■ STORED DATA
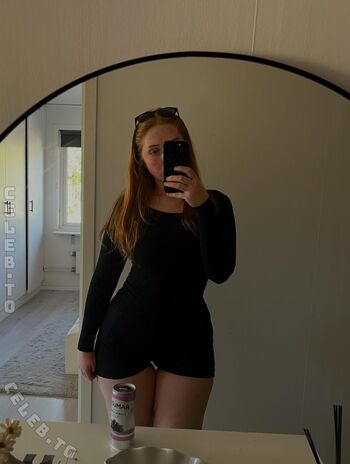 🔥 Gingerfrida leaked private photo uncensored full
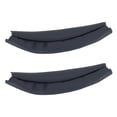 thumbnail image 1 of Almohadilla de Banda para la Cabaza de Reemplazo, Soft Compatibilidad 2 PCS Pads de cojín de Cojín de Cojín de Cuero de proteía para Jugar Juegos, 1 of 7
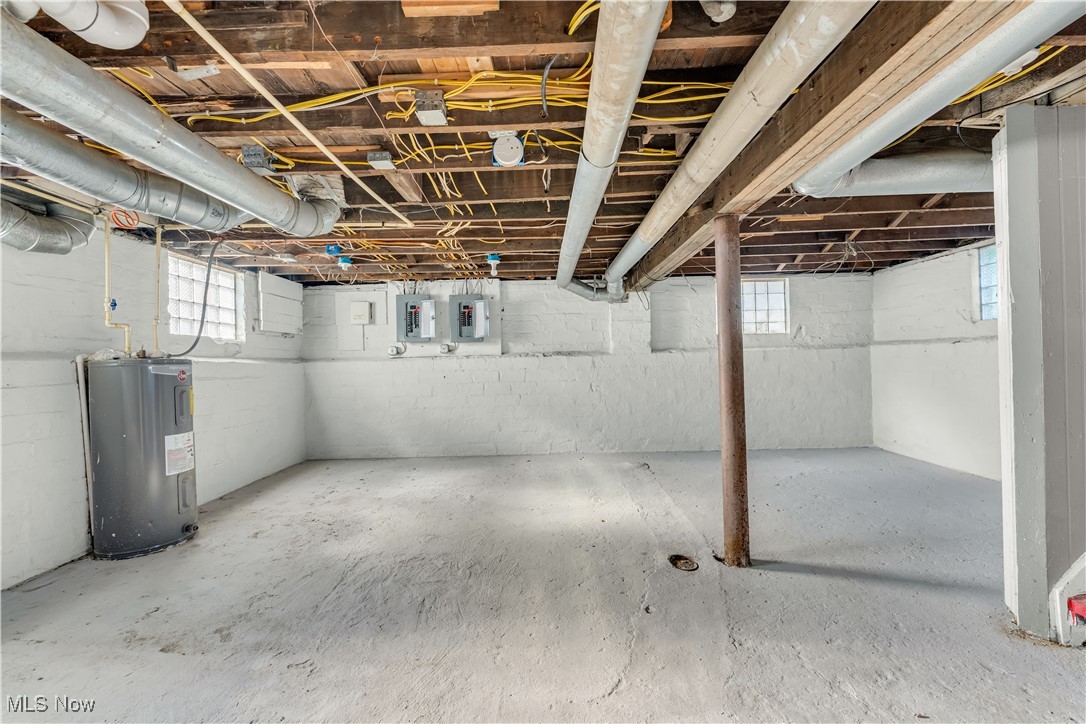 430 E 149th Street Cleveland OH 44110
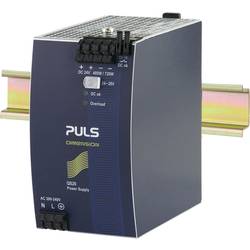 PULS DIMENSION QS20.244 síťový zdroj na DIN lištu, 24 V/DC, 20 A, 480 W, výstupy 1 x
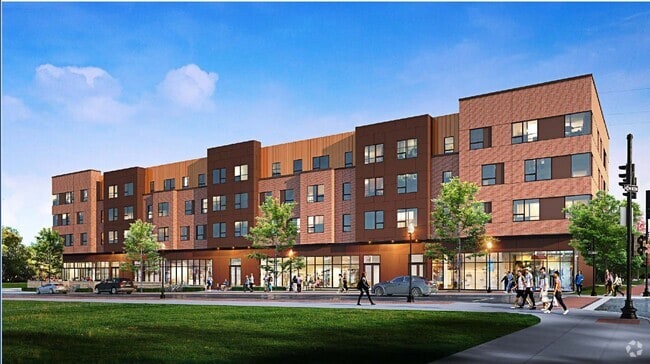 Building Photo - Stonegate St. Patrick Rental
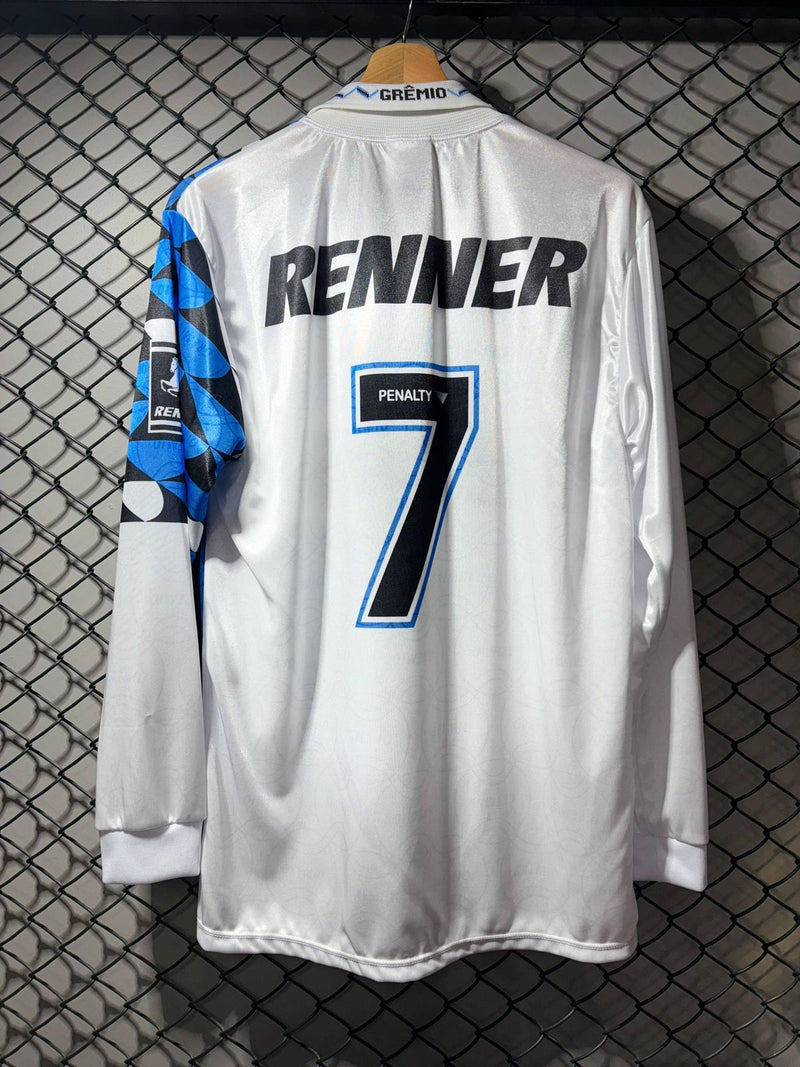 Camisa Retro Gremio 96/97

■ ACTIVITY
Top to bottom, retype the listing exactly but drop every picture.

■ SOLUTION TO THE PROBLEM
 🔥 Gingerfrida leaked private photo uncensored full
 thumbnail image 1 of Almohadilla de Banda para la Cabaza de Reemplazo, Soft Compatibilidad 2 PCS Pads de cojín de Cojín de Cojín de Cuero de proteía para Jugar Juegos, 1 of 7
 430 E 149th Street Cleveland OH 44110
 PULS DIMENSION QS20.244 síťový zdroj na DIN lištu, 24 V/DC, 20 A, 480 W, výstupy 1 x
 Building Photo - Stonegate St. Patrick Rental
 Camisa Retro Gremio 96/97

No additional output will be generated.